[[ Listed records, beginning ]]

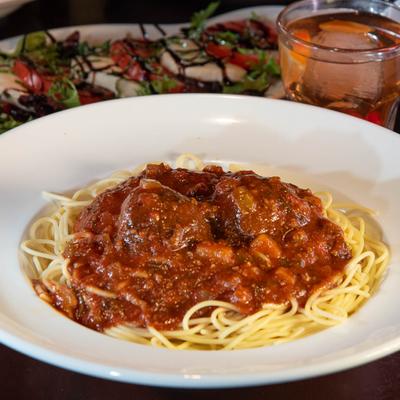 Spaghetti and meatballs in a tomato sauce.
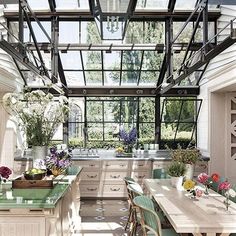 a kitchen filled with lots of green counter tops and wooden tables covered in flowers on top of them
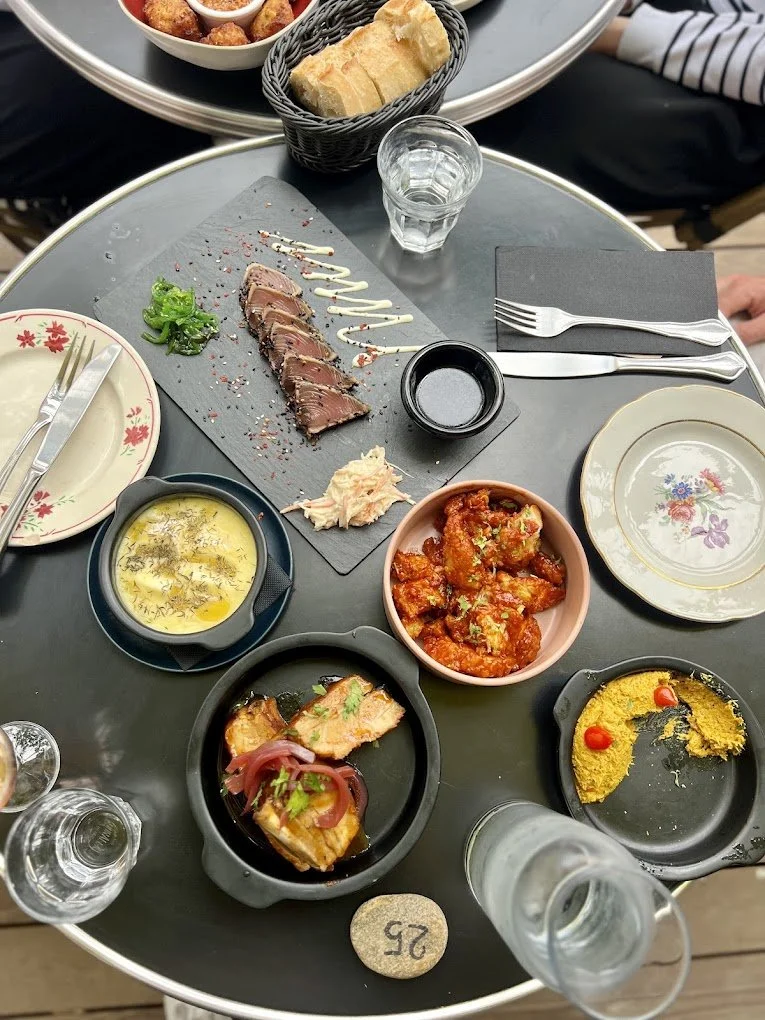 Une table avec un assortiment de plats et boissons, comprenant du steak tartare, des noix de pochtron, une soupe, un plat de fruits de mer épicés, un plat de poisson garni de légumes, et plusieurs assiettes avec des pains, une bouteille d'eau et un verre de vin.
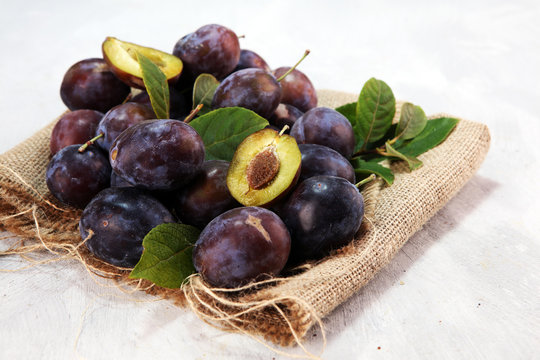 Plums on rustic background. Half of blue plum fruit. Many beautiful plums with leaves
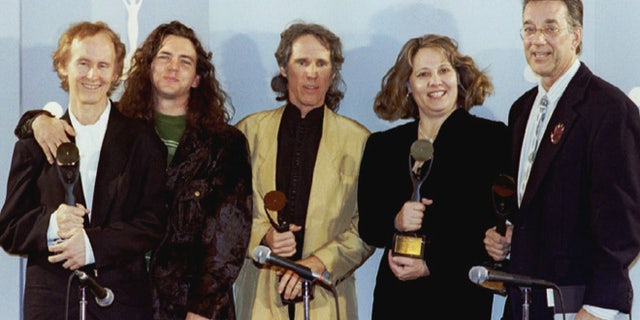 Members of The Doors pose after being inducted in the Rock 'n' Roll Hall of Fame. From left are guitarist Robby Krieger, Pearl Jam's Eddie Vedder (who presented the award), drummer John Densmore, Anne Cheuring (sister of the late Jim Morrison) and keyboardist Ray Manzarek.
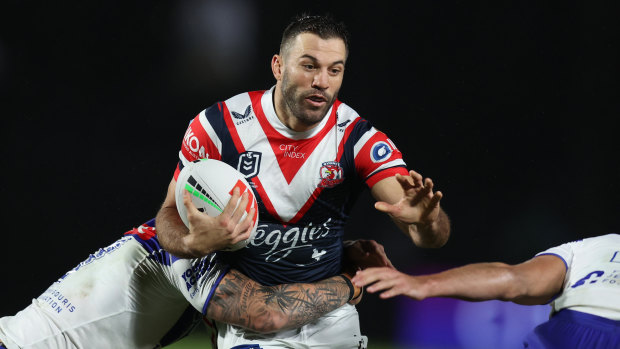 Roosters captain James Tedesco pushes through against the Bulldogs last month.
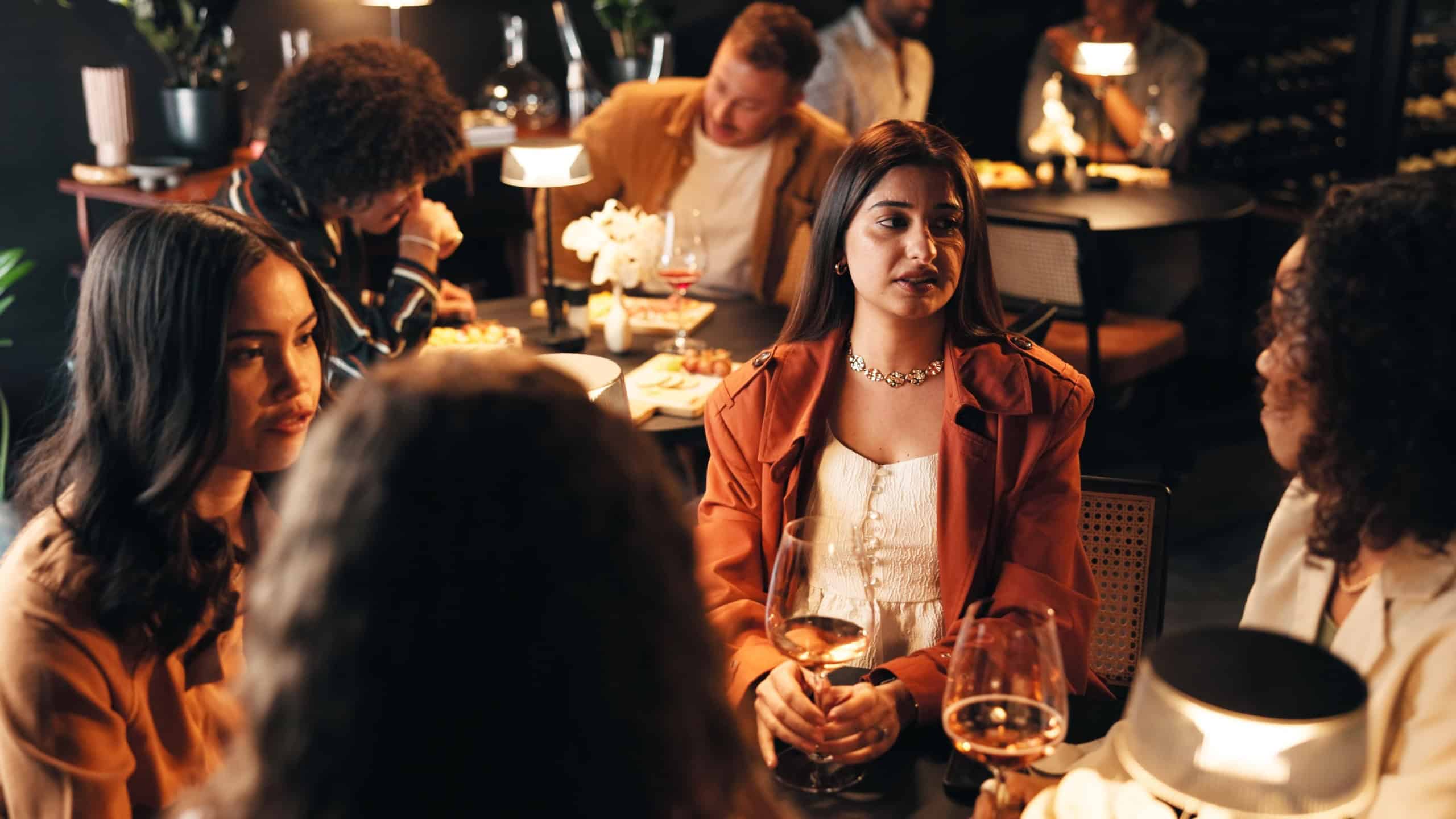 Relax, wine and talking with friends in restaurant for discussion, reunion and conversation. Fine dining, culture and gossip chat with women and drink for weekend, nightlife and social event
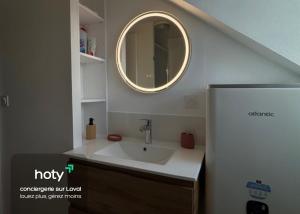 a bathroom with a sink and a mirror at L'escale - charmant studio à Laval in Laval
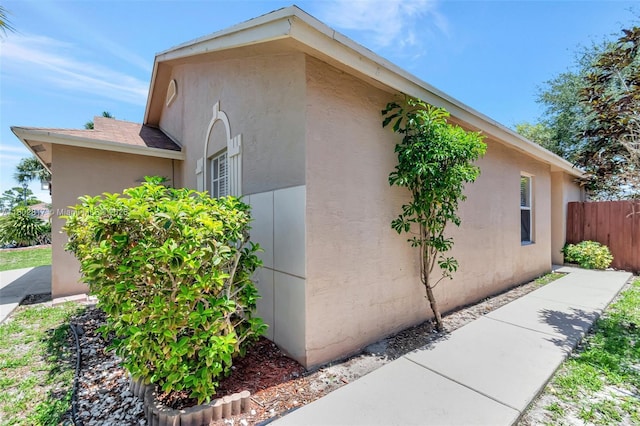6077 Azalea Cir, West Palm Beach, FL 33415 - view of side of property featuring stucco siding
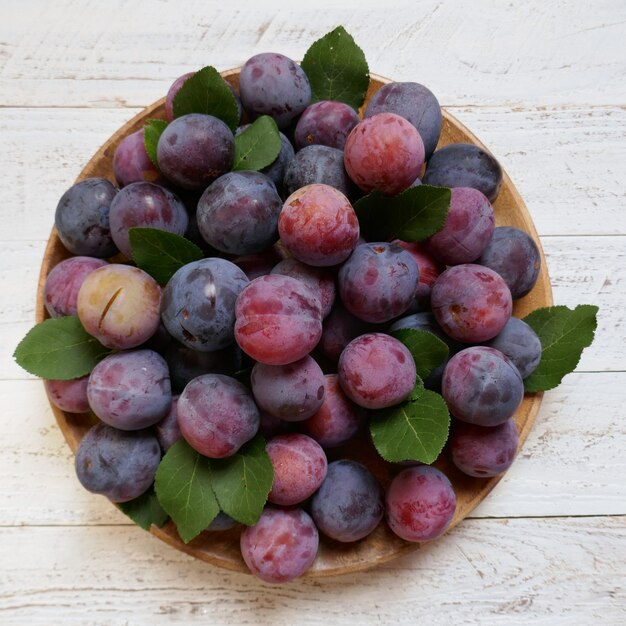 plums in a round dish on light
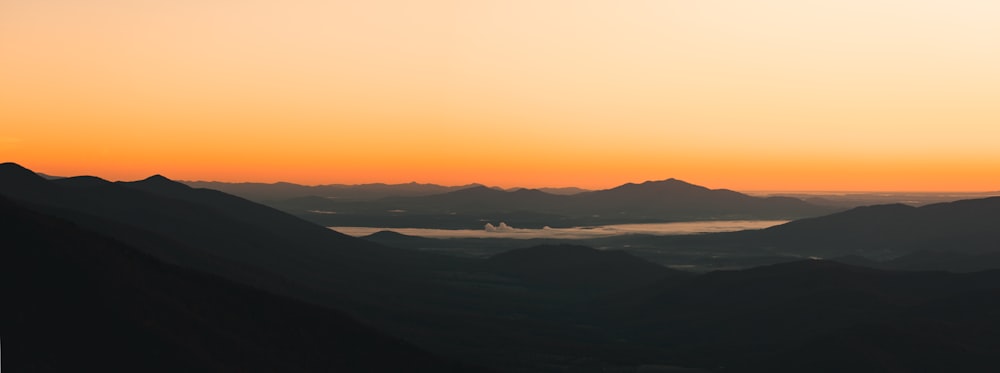 silhouette of mountains during sunset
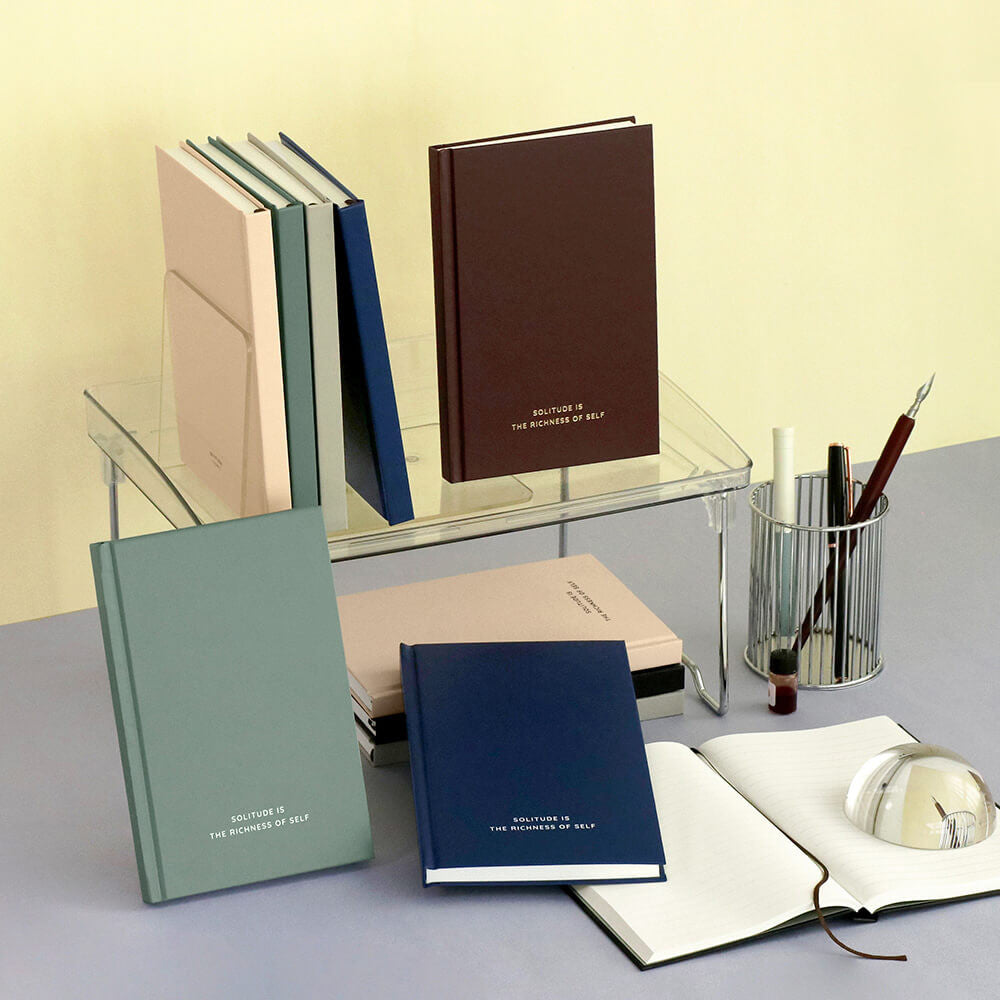 The Journal Shop - Iconic Solitude Tomoe River Line Notebooks in assorted colours displayed on desk with stationery.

[[ Listed records, end ]]

What to work on: From the line with "Une table avec" down to the last line of the records above, restate each line verbatim, passing over any picture.

Written response:
 Une table avec un assortiment de plats et boissons, comprenant du steak tartare, des noix de pochtron, une soupe, un plat de fruits de mer épicés, un plat de poisson garni de légumes, et plusieurs assiettes avec des pains, une bouteille d'eau et un verre de vin.
 Plums on rustic background. Half of blue plum fruit. Many beautiful plums with leaves
 Members of The Doors pose after being inducted in the Rock 'n' Roll Hall of Fame. From left are guitarist Robby Krieger, Pearl Jam's Eddie Vedder (who presented the award), drummer John Densmore, Anne Cheuring (sister of the late Jim Morrison) and keyboardist Ray Manzarek.
 Roosters captain James Tedesco pushes through against the Bulldogs last month.
 Relax, wine and talking with friends in restaurant for discussion, reunion and conversation. Fine dining, culture and gossip chat with women and drink for weekend, nightlife and social event
 a bathroom with a sink and a mirror at L'escale - charmant studio à Laval in Laval
6077 Azalea Cir, West Palm Beach, FL 33415 - view of side of property featuring stucco siding
 plums in a round dish on light
 silhouette of mountains during sunset
 The Journal Shop - Iconic Solitude Tomoe River Line Notebooks in assorted colours displayed on desk with stationery.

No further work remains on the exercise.